On Not Being An Absolutist About Shit

I took an airplane to India.

Yep, my whole project this year has been about going around the world overland — on trains, buses, boats, etc. — and yet I flew from Chiang Mai to Delhi.

I didn’t feel great about it. It turns out airports still suck. And I confirmed for myself that, yes, I do far prefer the gradual change in terrain, culture, and climate that overland travel affords vs the relatively instantaneous switch-flip of getting in a metal tube and getting off in another country.

But I’m also not beating myself up about it, and here’s why:

This was never a trip about “saving the world” by not flying or any such nonsense. I’m under no illusions about individual behaviors adding up to the titanic scale of change the world needs. They won’t and they never will. People aren’t going to spontaneously stop flying and start taking cargo ships across the ocean, no matter how cool I make it sound.

This was, instead, a trip about practice. That is, doing the thing — continuously, expecting neither a specific nor immediate outcome, but perhaps in the very long-term hope that the doing of it might change me subtly.

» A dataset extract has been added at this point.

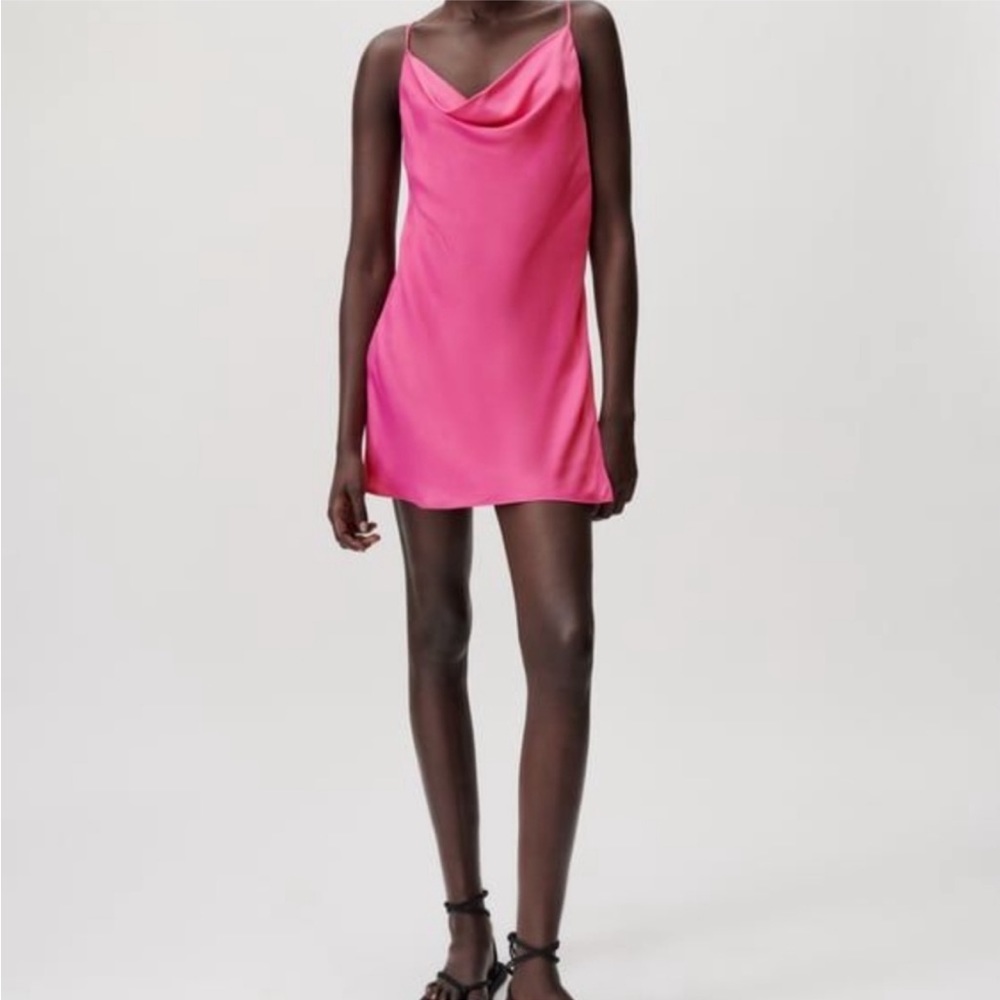 Hot pink Zara slip dress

Relatedly, I think we should go easy on people and hard on systems. (Pretty sure that’s an old activist adage, but I’m not sure where it came from and my wifi is too spotty to google.) We need to change political economic systems more than our own individual behaviors, and we need masses of people on our side to do that. That means not guilt-tripping them about the many compromises they make to live in the modern world. And that means, also, going easy on ourselves sometimes too.

One of my goals for this trip was always don’t be an absolutist about shit. I’m trying not to eat a lot of meat, but I’ll eat whatever a gracious host puts in front of me. I’m trying to meditate every day, but lord knows that doesn’t always happen. I’m trying to go around the world without flying, but some things got in my way, and that’s OK.

I tried. I really hustled to find an operator that could take me on a “crossing tour” of Myanmar. A crossing tour is basically the only way you can enter Myanmar by landport via Thailand and exit by landport via India; it requires special permits, an official guide, and your own vehicle. For awhile there it looked like it’d work out and there’d be a crossing tour I could join (since I couldn’t go by myself due to the no-vehicle issue), but it ended up getting postponed till August, which was way too late for me.

Eventually, I have to get back to my life in the US. And, more immediately, I have to meet my husband in Nepal in July. We haven’t seen each other in months, and we’ve both been looking forward to this leg of my trip. In the end, being good to the people in your life that you love is way more important than any abstract ideal or practice.

So I took a plane to India. My window seat view flying out of BKK at dusk was really beautiful too.